An extreme example of the types of conflict that can arise was outlined during our Inquiry by Stanley Guiboche. He provided us with this account of what happened to him while he was a court communicator in The Pas:

It was a corporal at the town detachment and this was quite some way back. I don’t know where the officer is now, or whether he is still on the force. He asked if I could go see him, or said he needed to see me. So, I went to the detachment, where the town office is now, and on entering the office there I seen two young native kids sitting there. I asked them what was the matter. I asked them in Cree and they didn’t say anything. I noticed they had no shoes on.
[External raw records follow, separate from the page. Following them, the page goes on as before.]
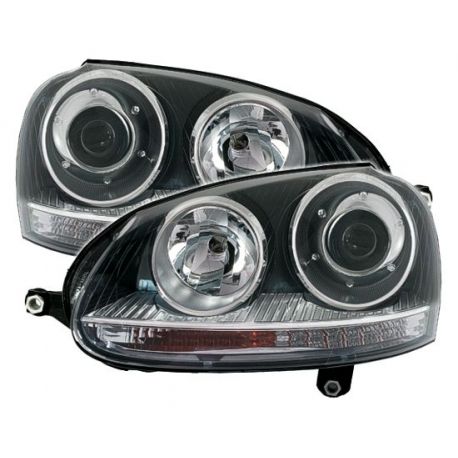 Gruppi ottici GTI VW GOLF 5 03-08 XENON
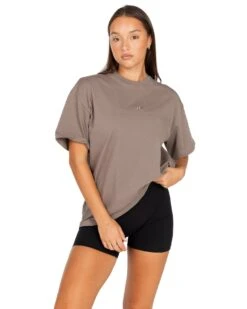 Elite Eleven Women's Classic Tee - Cement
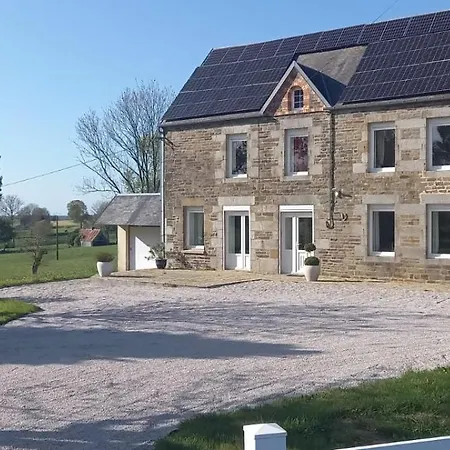 L'hotel Coutances - D'hotes Fleury (Manche)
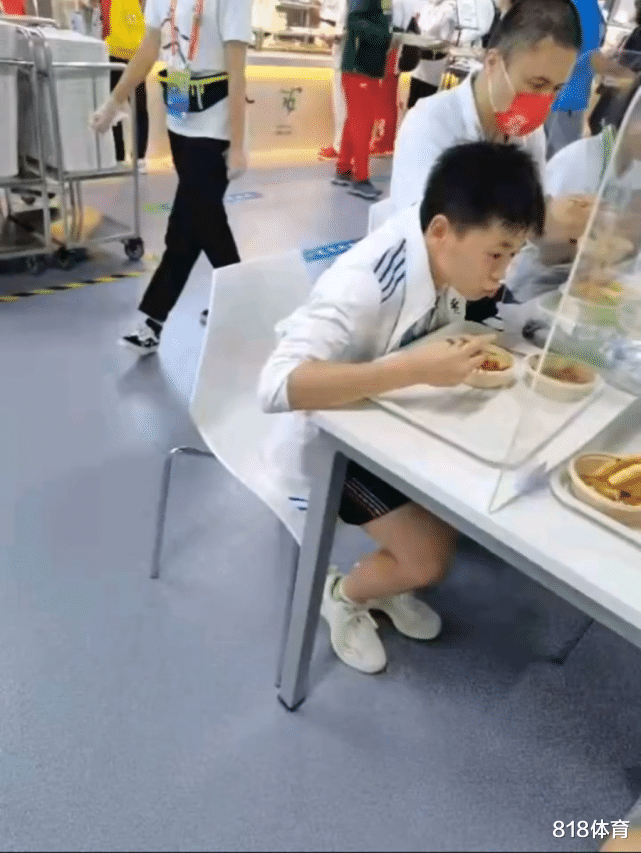 运动员|心疼! 田亮: 全红婵比其他运动员更辛苦 控制体重饿成那样还不让吃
When the corporal came out I asked him what did he want me to do. He said that they had picked up these two kids and they were 14, 15, maybe 16, and it seemed like they were quite scared. They wanted some assistance in taking statements off them, from them. I asked if any statements had been taken so far and they said that they took one from one of them. However, the other one didn’t want to give a statement because he didn’t understand.

So, I said, “Well, what is it that you are investigating or why did you pick these fellows up.” They said that they were suspects in murder. I informed the corporal then at the time, I said, well in that particular case I can only tell the boys not to say anything and that I should really get a lawyer for them. The corporal got very upset and wanted to know what the heck was my job.

He said, “What the heck is your job anyway? You’re an interpreter.” I said, “I’m an interpreter in the sense that I communicate with lawyers and their clients, but not to the extent that I don’t think my job includes assisting the police in taking statements.”

Due to linguistic differences throughout Manitoba, interpreters should be selected from each community and be provided with proper training. During our public hearings, we occasionally asked Aboriginal people who travelled with us to act as interpreters. While that was satisfactory, we concluded that it was preferable to ask a resident of the community we were in to act as interpreter. That resident not only knew the linguistic distinctions, but he or she had the confidence of the other community members.

Interpreters should be trained in law and legal procedure through a formal, structured training course. In order to give this training, a dictionary of legal terminology should be developed, which would give Aboriginal people a means of expressing difficult legal concepts in Aboriginal languages.

A qualified interpreter should be in attendance at every sitting of the court in an Aboriginal community. It is important to allow the interpreter to discuss a question and answer with a witness, as it is often not possible to literally translate a question or answer from English to an Aboriginal language, or to give a simple "yes" or "no" answer.

We recommend that:

 The position of court administrator with magistrate’s powers be created in each Aboriginal community served by a circuit court.

 The Province of Manitoba establish a formal Court Interpreter’s Program with staff trained in the interpretation of court proceedings, including legal terminology, from English into the Aboriginal languages of Manitoba. As part of this program, local court interpreters should be engaged in each Aboriginal community served by circuit courts.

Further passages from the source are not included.